One crucial factor behind the dramatic decrease of dugongs is the destruction of sea grass meadows, often by bottom trawling. Another factor is dynamiting, an illegal method of fishing. Typically, with dugongs killed by dynamiting blood spurts from their nose, in the kind of scene that so shocked Channa Suraweera.
"Bottom trawling is a fishing method whereby the fishnet is towed along the sea floor, damaging everything along the way," says Laksman Peiris, deputy director of Wildlife Conservation Department. "Ninety percent of dugong killed is killed by this net.
"Though not encouraged, bottom trawling is legal in Sri Lanka. The fishermen may not be aiming for the dugong, but a dugong caught accidentally by the fishnet has a slim chance of survival. That's because dugong, being a mammal, has to come to the surface of the water every six or seven minutes to breathe. Being caught by a net that lies at the bottom of the ocean, a dugong has no choice but to die a terrible death."

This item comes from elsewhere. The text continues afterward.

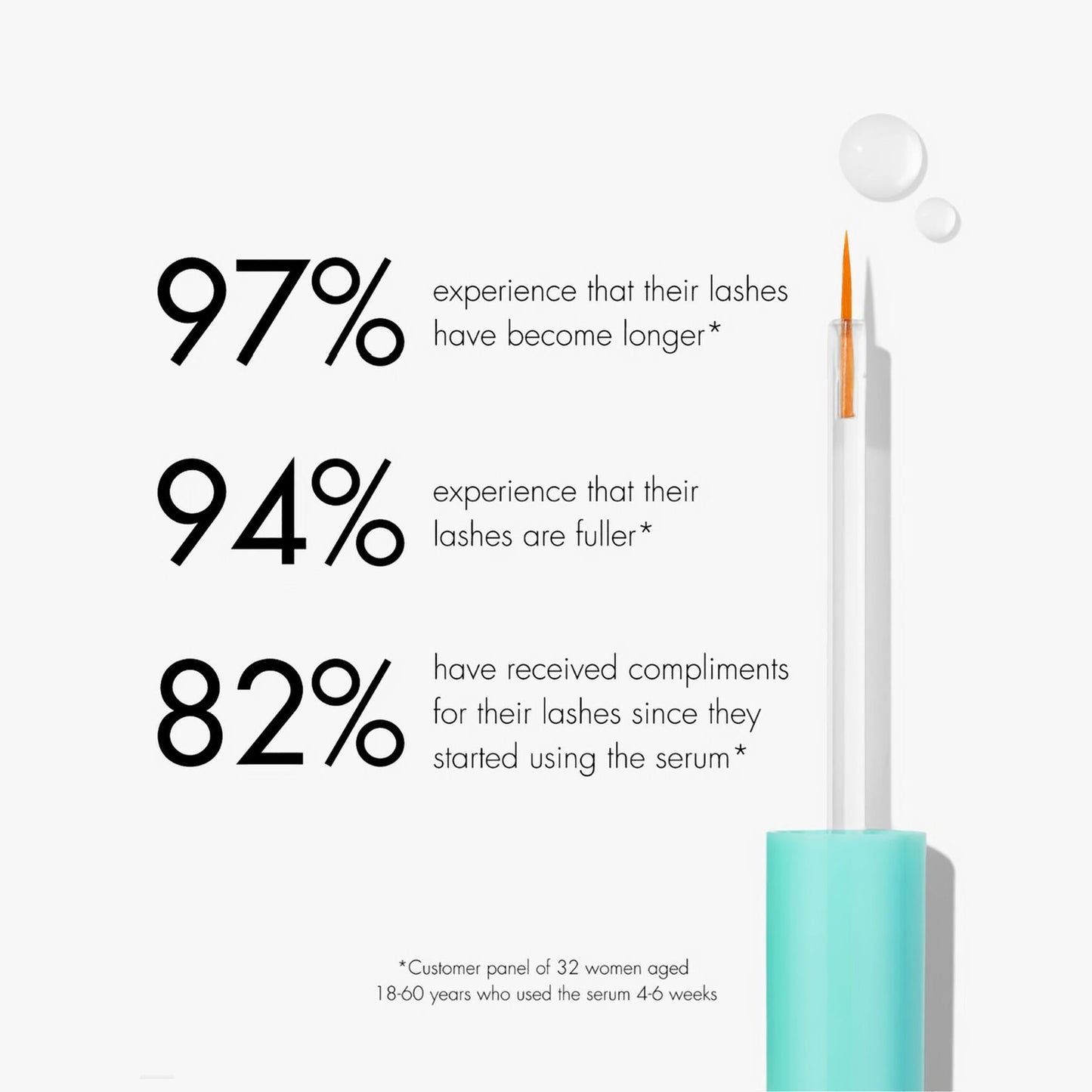 Eyelash Growth Serum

Suraweera, who once examined the body of a dugong killed by bottom trawling, has an acute sense of what a terrible death means. "Its lungs are filled with water. Can you imagine water seeping gradually into its lungs while the animal struggles desperately but in vain?
"A fisherman, after throwing his net into the ocean, only comes back every half or one hour to examine his catch," says Prasanna Weerakkody, of the Oceans Research & Conservation Association, a Canadian NGO with a Sri Lankan presence which is also part of the dugong project.
"By that time the dugong may have already died. Even if it's not dead it's almost impossible for the fisherman to release the dugong since that means cutting off the entire net and losing all the catch."
Asked why the government has not required the fishermen to release the dugong and then be compensated for their loss, Suraweera says this is because the dugong, once released, will swim away. "You have to prove that you have indeed caught a dugong."